Hear The Silence

 

Although you may think you will hear a splash or a cry for help, children often slip into the water without making a sound. Be aware and always watch children around water.

1) What to do if you find a child in the pool:
• Yell for help and the get the child out of the pool and onto the pool deck
• If someone is with you, have them call 911. Determine if the child is still breathing: tilt the head back; if you don’t hear or feel breathing or see the chest rising, begin CPR immediately. Continue CPR until emergency help arrives.
• If you are alone and the child is not breathing, start CPR immediately. After one minute, call 911. Return to the child and continue CPR until help arrives.

2) Children aren’t waterproof. Provide protection by installing an isolation fence that separates the pool from the house and yard. The fence should be a minimum of 5 feet high with vertical spacers no more than 4 inches apart. Gates should open outward from the pool and be self-closing and self-latching with the latch out of reach of small children.

3) Children should be supervised at all times around water. Toddlers have been known to drown in as little as one inch of water. You should not read, play cards, talk on the phone, mow the lawn or do any other distracting activity while watching children.

4) During social gatherings, be certain that an adult has the major responsibility for watching the children and swimmers at all times. Never delegate this supervision to an older child or sibling. The responsibility is too great.

5) Never leave a child alone out of eye contact supervision in or near a pool, spa or bathtub- not even for a second. Beware of deadly distractions including telephone calls, doorbells, cooking, pets and other children. Always take your child with you if you need to leave the pool or bath area.

6) Look in the pool first if a child is missing. 75% of children who drowned were seen only 5 minutes or less before drowning.

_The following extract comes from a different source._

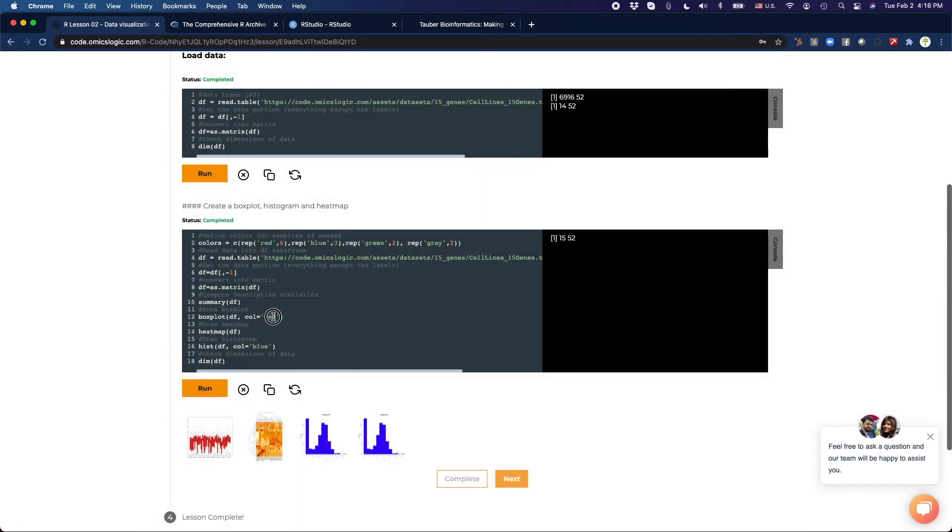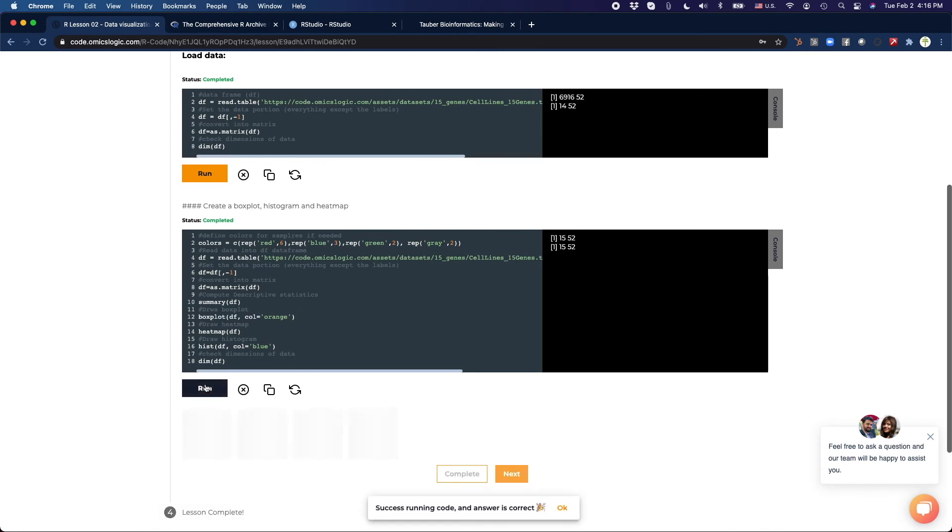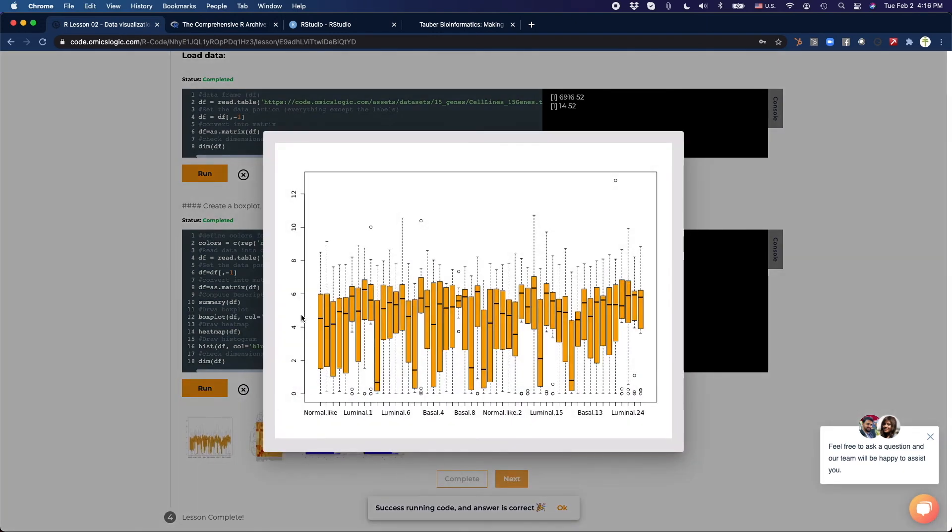Let's change something. Instead of red, let's make it orange. All right, great.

7) Learn CPR. Insist that babysitters or guardians are CPR-trained and that they are trained and instructed in pool safety measures and rules.

8) Do not allow children to play around the pool. Keep toys, especially wheeled toys stored outside of the pool area.

9) Keep life-saving devices next to the pool including a hook or pole and a flotation device. Always keep a phone with you poolside. Do not use air-filled swimming aids (such as “water wings”) in place of life jackets or life preservers with children. These can give parents and children a false sense of security and increase the risk of drowning. Remember these are flotation devices and you need to stay in the pool with your child.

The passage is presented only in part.